The Great Indian Bustard and Nannaj

It is four a.m. in Solapur, the year is 1996. My five-year-old daughter and I creep across the still dark grasslands of Nannaj to sit in our little hide. As the sun rises, casting a pinkish glow across the eastern horizon, a soft booming call echoes across the undulating landscape. An alpha male Great Indian Bustard (GIB) is courting females, head thrown back, gular pouch raised, and tail up. Moments later, a covey of female bustards shufflepast, foraging for crickets that have come to gorge on the fresh, green grass.
Though this bustard and his countless ancestors have exhibited their mating rituals on the small lookout plateau of Nannaj-Mardi for millennia, there is no guarantee that our children will still see this display 20 years from now.
The GIB sanctuary was scattered over 8,200 sq. km., whereas a much smaller forest area needed to be made inviolate for the bustards to breed.
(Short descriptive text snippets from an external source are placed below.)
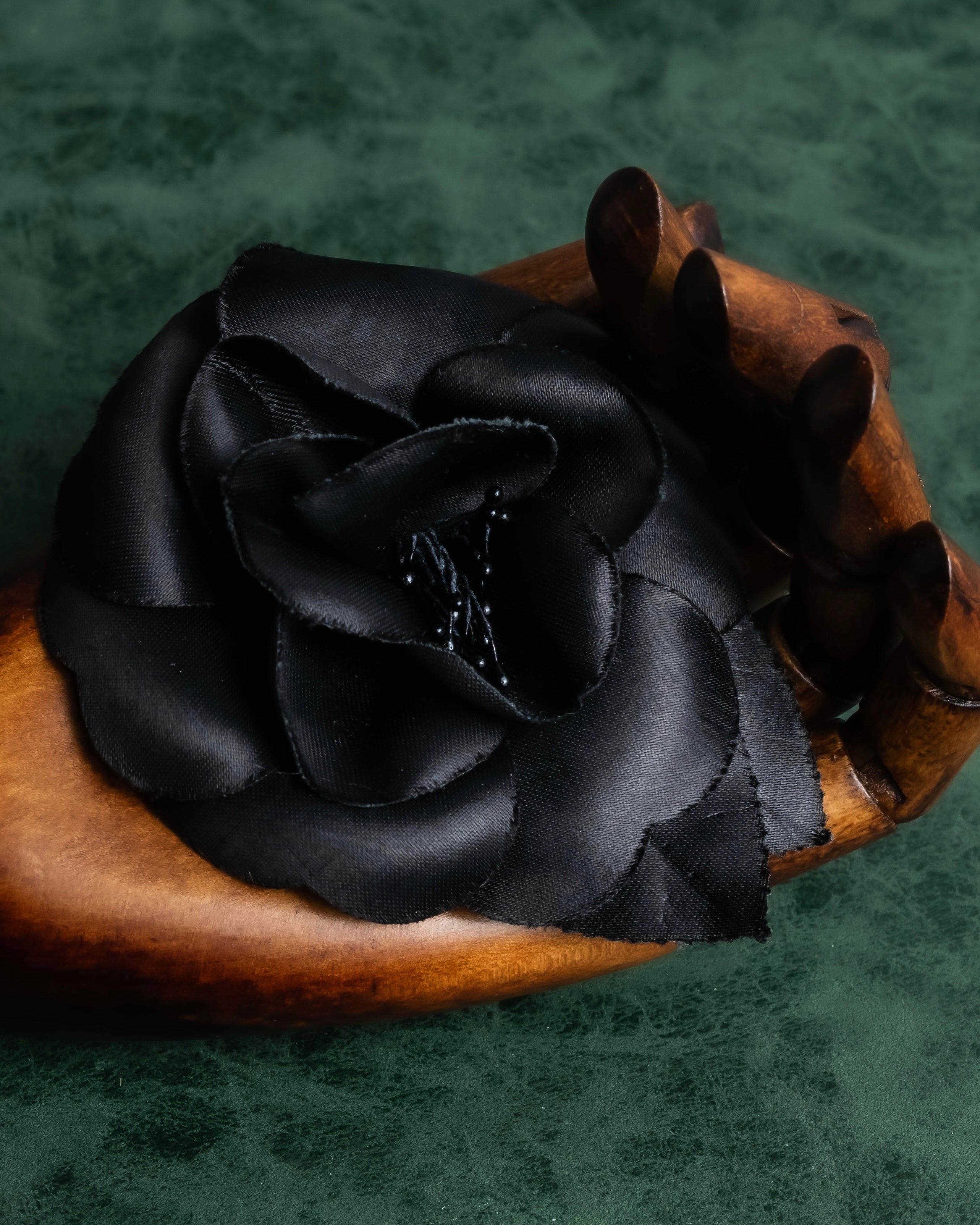 "CHANEL" Black camellia motif brooch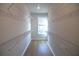 Spacious walk-in closet with ample shelving and a window for natural light at 502 Clover Ln, Alpharetta, GA 30009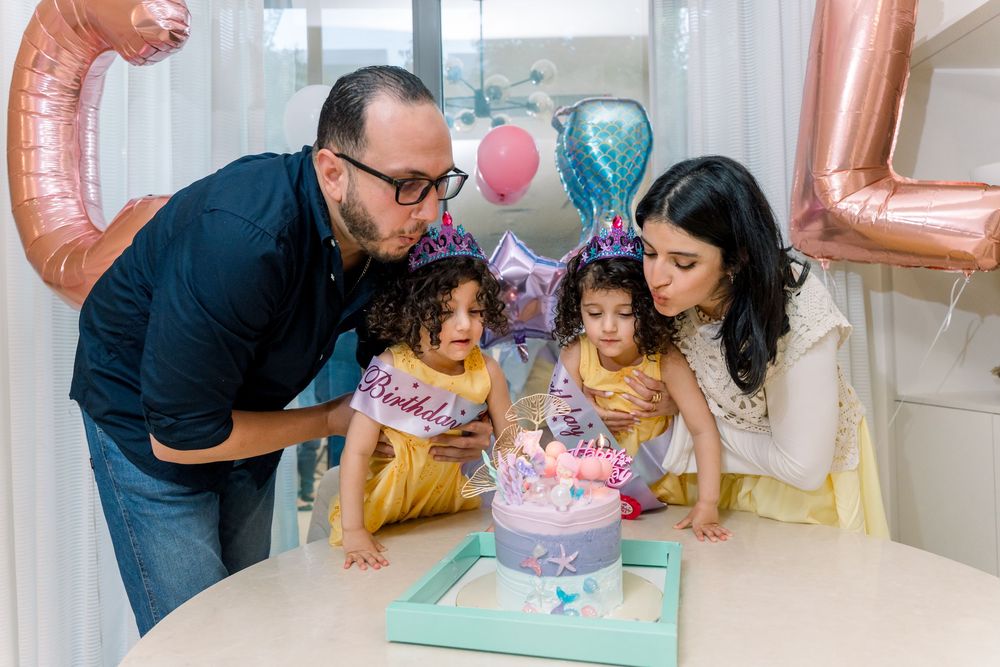 A family gathers around a birthday cake on a table with colorful balloons in the background at a celebration.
If even this small area could be well protected, we could secure the future of this endangered bird for posterity. It was vital, however, to include areas such as the Gangewadi grasslands into this more tightly-protected bustard haven. People had begun to turn hostile towards the birds because they considered the declaration of a vast 8,200 sq. km. sanctuary dedicated to bustards as illogical, since the birds were not found in most of the areas here. What is more, entire towns such as Solapur, Mohol and Karmala were included within the Protected Area boundary! Wildlife conservation was proving to be an obstacle as it came in the way of the alignments for highways, canals and even in the decisions they had to make about how best to use their own lands. Blackbuck learned to hide in protected forest patches in the day and then to devastate jowar and groundnut crops of farmers at night. Had the state government not denotified a huge chunk of the GIB Sanctuary, neither the blackbuck, nor the bustards would have been able to survive.
Today, a major effort is underway to win support for organic farming in the neighbourhood of this sanctuary, a step that will enhance the food availability and safety of the GIB which consumes beetles and other insects.
How quickly things can deteriorate can be judged by the fact that as the District Collector of Solapur from 1995 to 1997, I would see GIBs on every visit to Nannaj.
On none of my recent visits was I able to see a bird, not even on the bird’s favourite hillock, where my daughter and I used to see them so often. It worries me, of course, to observe how farmers who were once happy to grow coarse grains like jowar now want to grow sugarcane, flowers and pomegranates, thanks to the abundant water they obtain from the Ujjani dam. If this trend continues, then grassland species, such as the blackbuck, chinkara, grey wolf and the GIB face a bleak future.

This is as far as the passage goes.